_EXERCISE AIM:_
Locate the line that contains "12 Pack LED" in the data that follows. Copy it and every subsequent line to the end, exactly, excluding pictures.

================

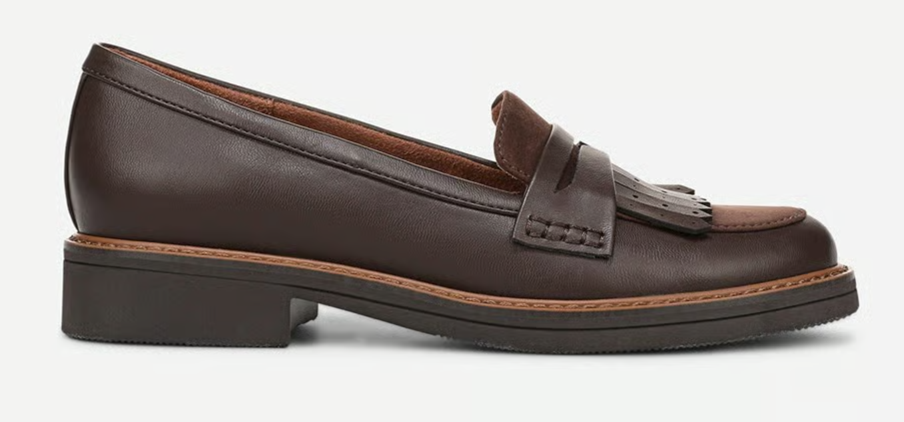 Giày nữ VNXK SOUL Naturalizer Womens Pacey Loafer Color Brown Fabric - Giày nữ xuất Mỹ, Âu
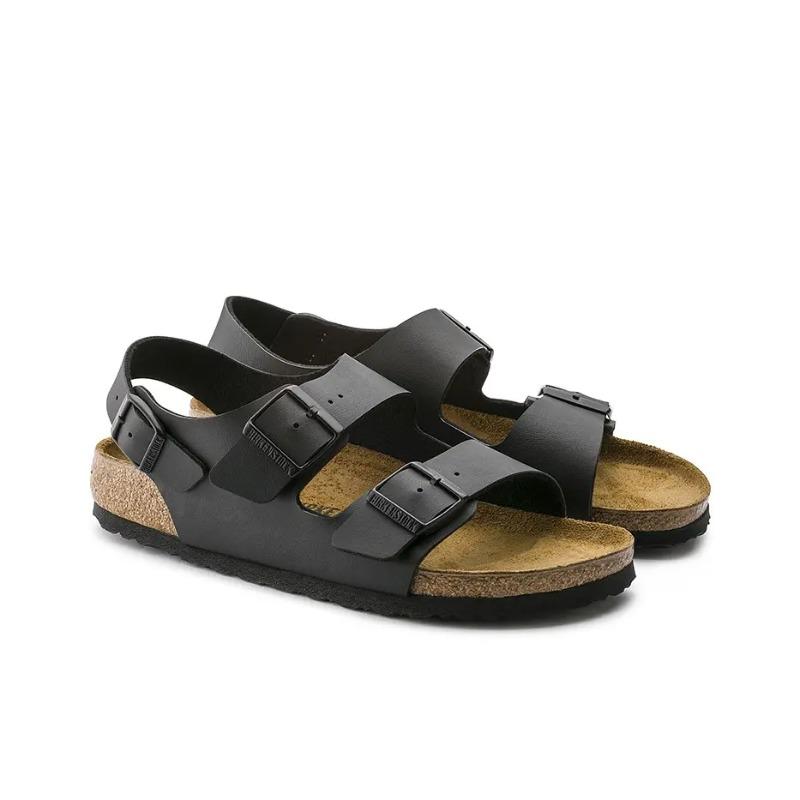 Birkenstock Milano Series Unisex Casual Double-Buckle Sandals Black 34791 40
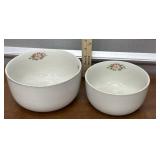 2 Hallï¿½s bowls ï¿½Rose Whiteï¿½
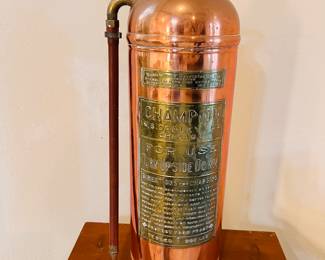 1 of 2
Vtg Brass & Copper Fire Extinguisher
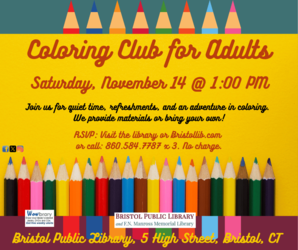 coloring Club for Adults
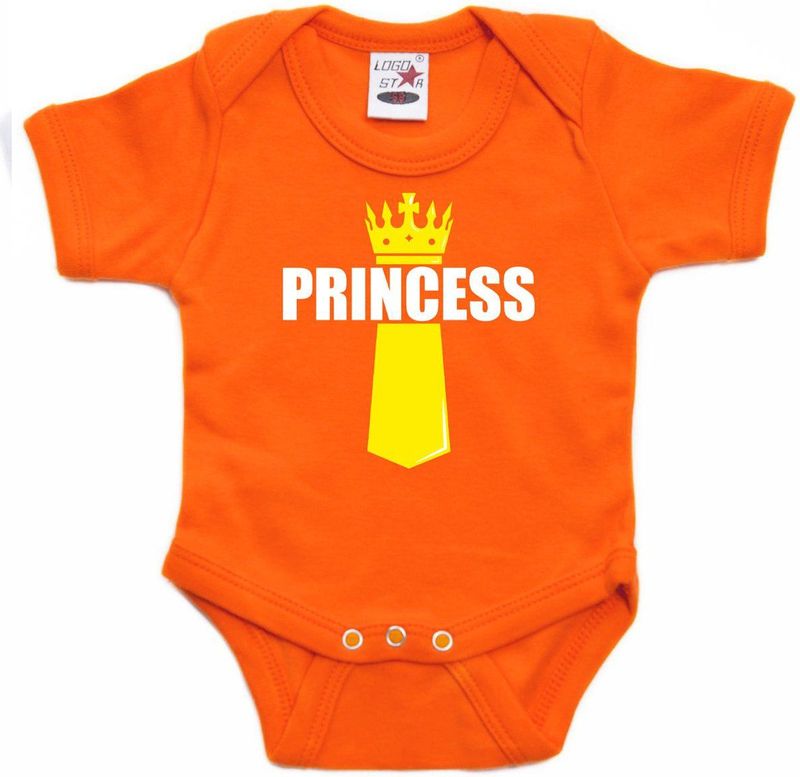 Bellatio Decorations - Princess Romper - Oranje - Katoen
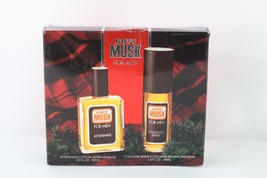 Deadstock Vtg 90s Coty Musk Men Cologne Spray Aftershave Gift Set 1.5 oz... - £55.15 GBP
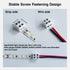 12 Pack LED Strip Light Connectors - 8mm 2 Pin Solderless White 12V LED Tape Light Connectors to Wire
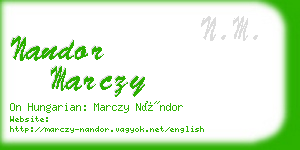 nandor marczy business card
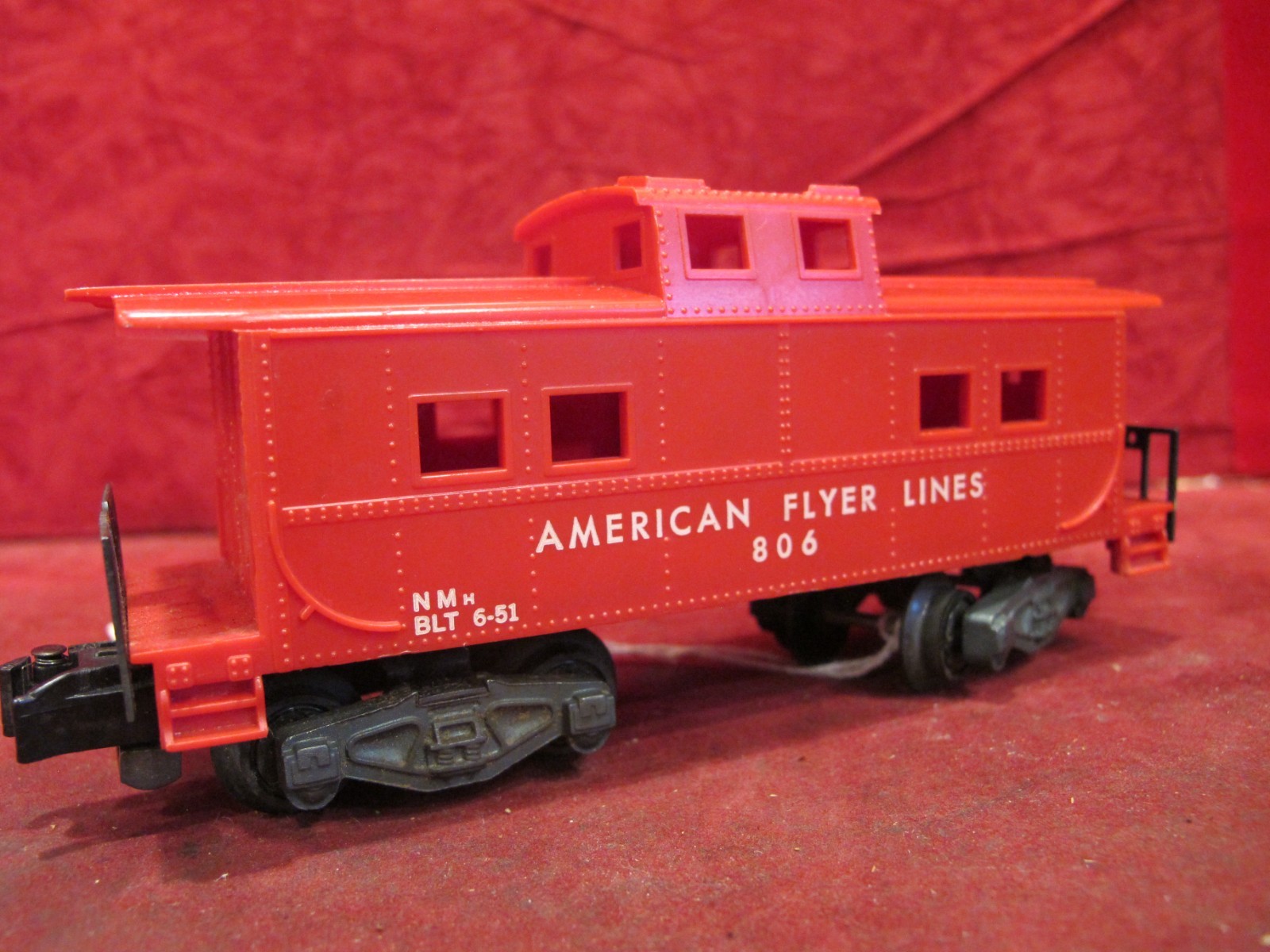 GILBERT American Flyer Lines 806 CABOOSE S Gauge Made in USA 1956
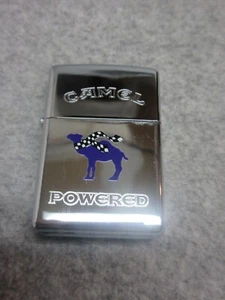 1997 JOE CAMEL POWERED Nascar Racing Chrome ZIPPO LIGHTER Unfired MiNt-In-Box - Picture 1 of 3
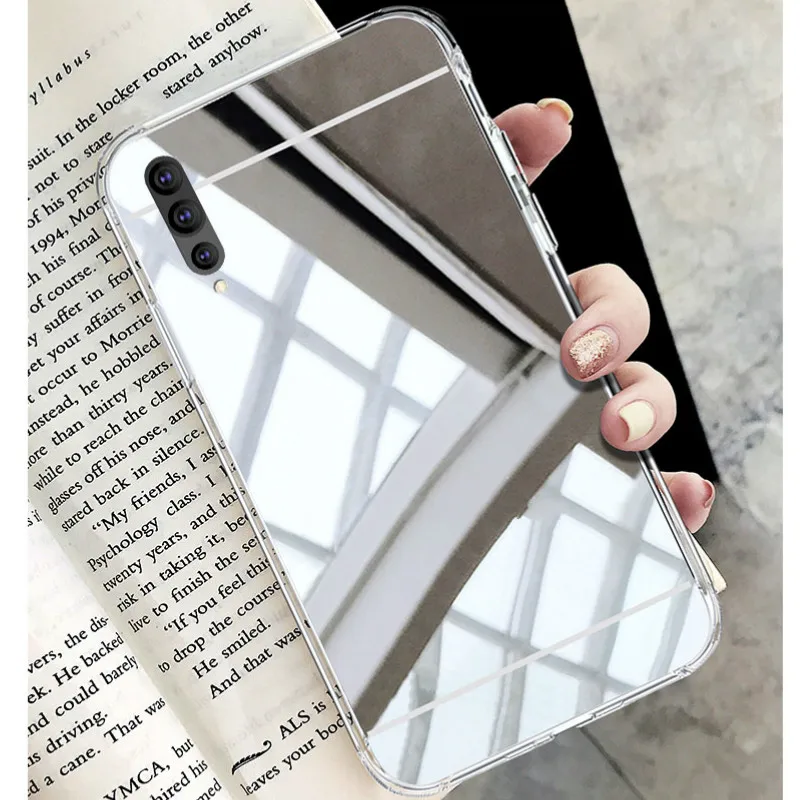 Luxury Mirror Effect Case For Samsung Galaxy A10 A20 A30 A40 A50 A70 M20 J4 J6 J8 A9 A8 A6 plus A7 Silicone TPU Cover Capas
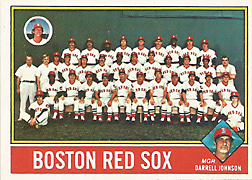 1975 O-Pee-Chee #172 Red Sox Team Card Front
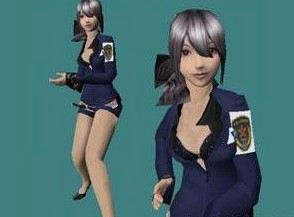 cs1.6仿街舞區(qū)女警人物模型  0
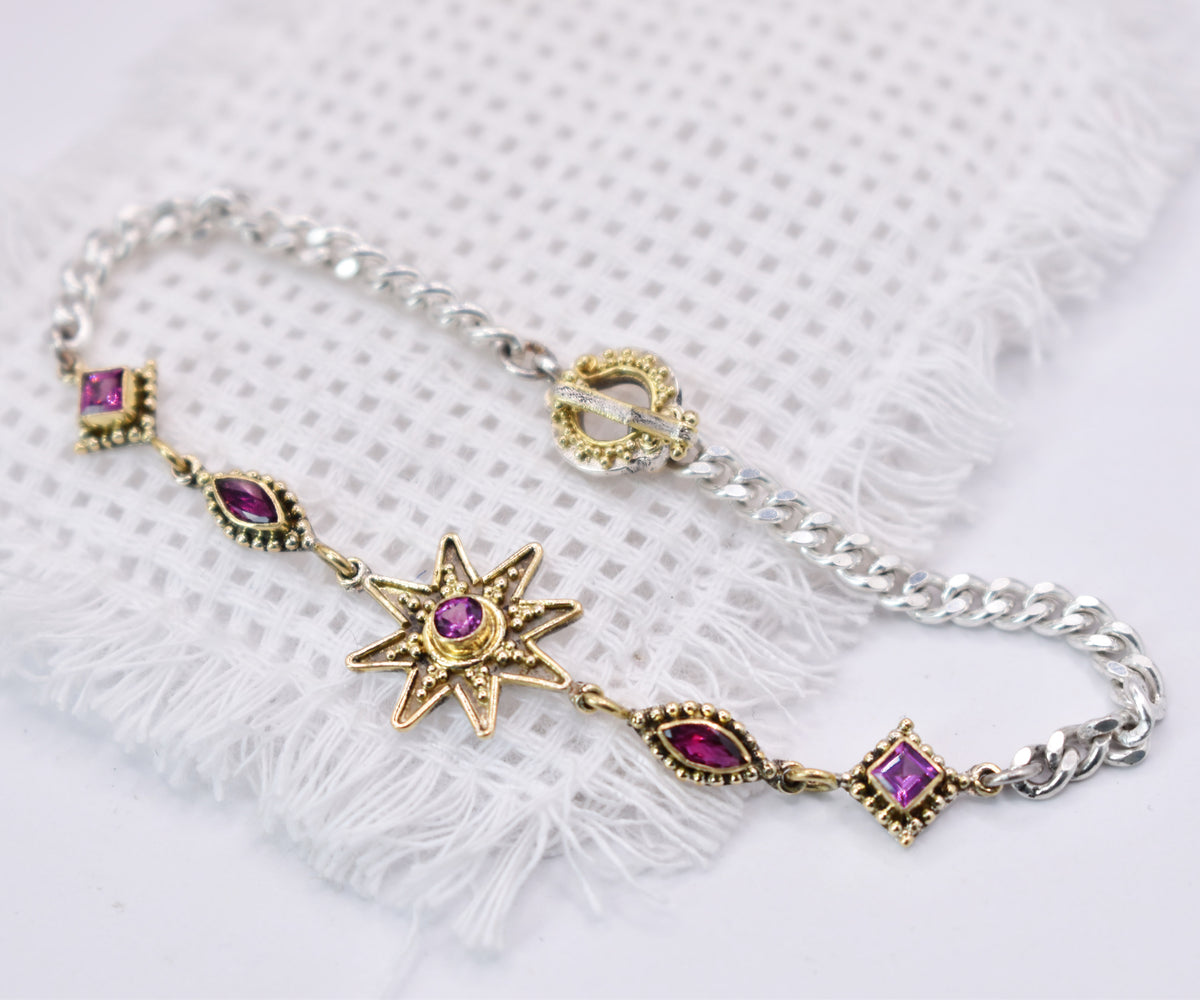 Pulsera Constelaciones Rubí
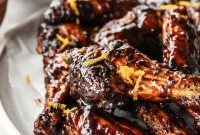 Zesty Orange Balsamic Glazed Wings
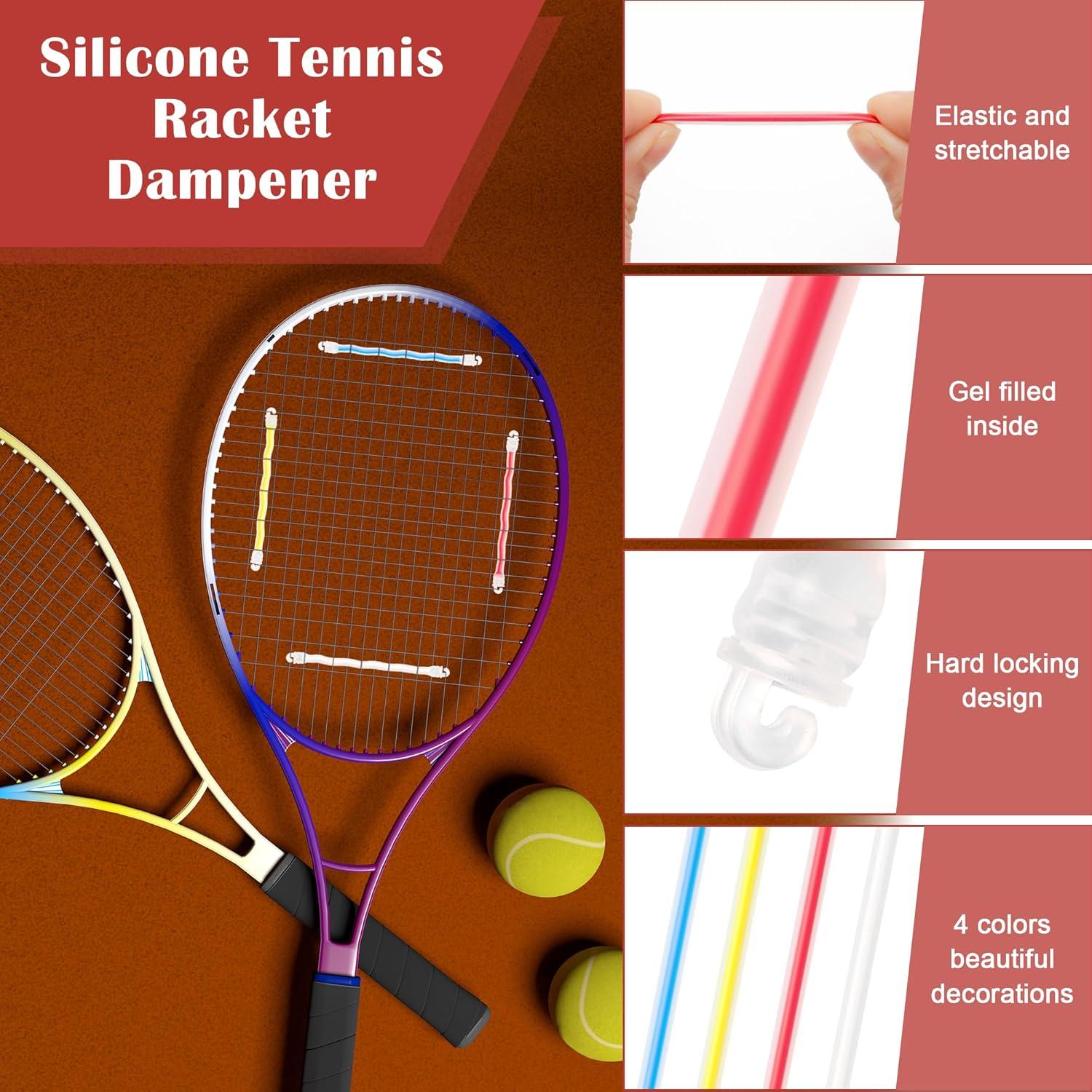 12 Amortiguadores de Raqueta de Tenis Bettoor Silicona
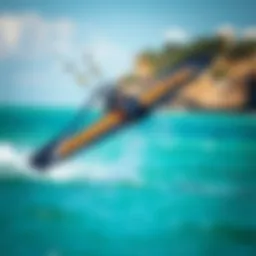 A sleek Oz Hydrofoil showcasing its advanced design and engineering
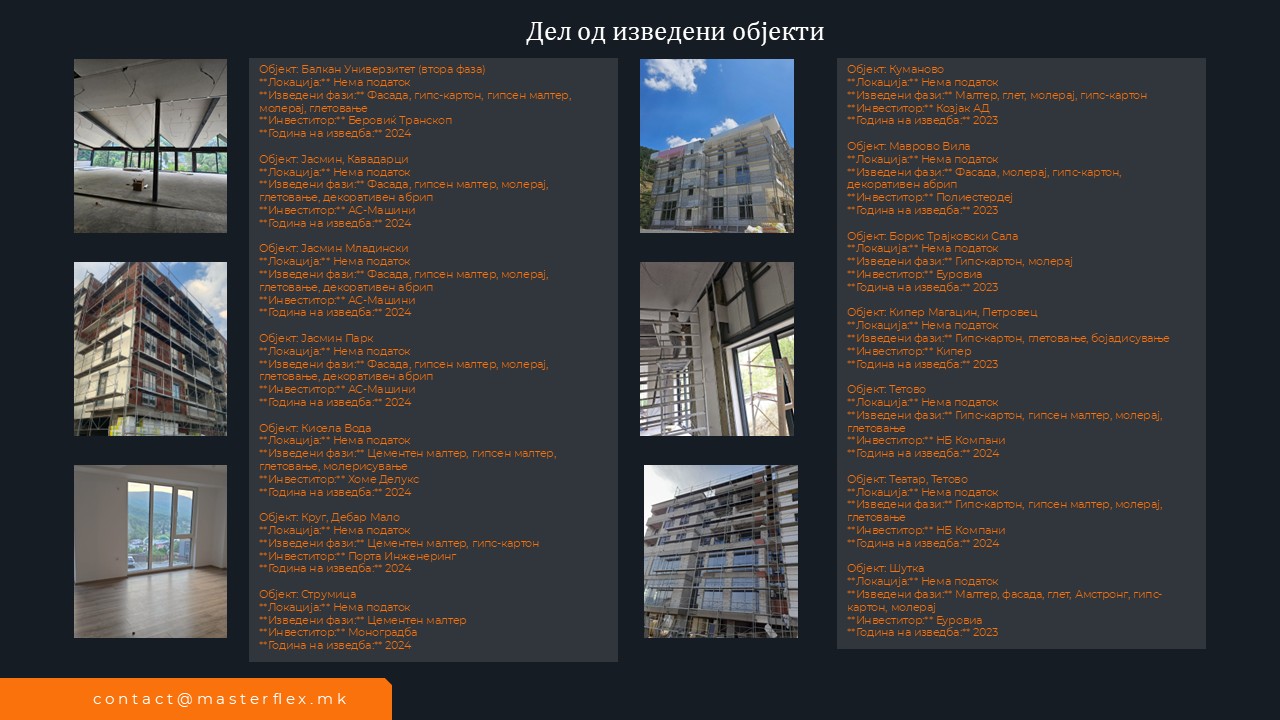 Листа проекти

================

_TASK SOLUTION:_
 12 Pack LED Strip Light Connectors - 8mm 2 Pin Solderless White 12V LED Tape Light Connectors to Wire
 nandor marczy business card
 GILBERT American Flyer Lines 806 CABOOSE S Gauge Made in USA 1956
 1997 JOE CAMEL POWERED Nascar Racing Chrome ZIPPO LIGHTER Unfired MiNt-In-Box - Picture 1 of 3
 Luxury Mirror Effect Case For Samsung Galaxy A10 A20 A30 A40 A50 A70 M20 J4 J6 J8 A9 A8 A6 plus A7 Silicone TPU Cover Capas
 1975 O-Pee-Chee #172 Red Sox Team Card Front
 cs1.6仿街舞區(qū)女警人物模型  0
 Pulsera Constelaciones Rubí
 Zesty Orange Balsamic Glazed Wings
 12 Amortiguadores de Raqueta de Tenis Bettoor Silicona
 A sleek Oz Hydrofoil showcasing its advanced design and engineering
 Листа проекти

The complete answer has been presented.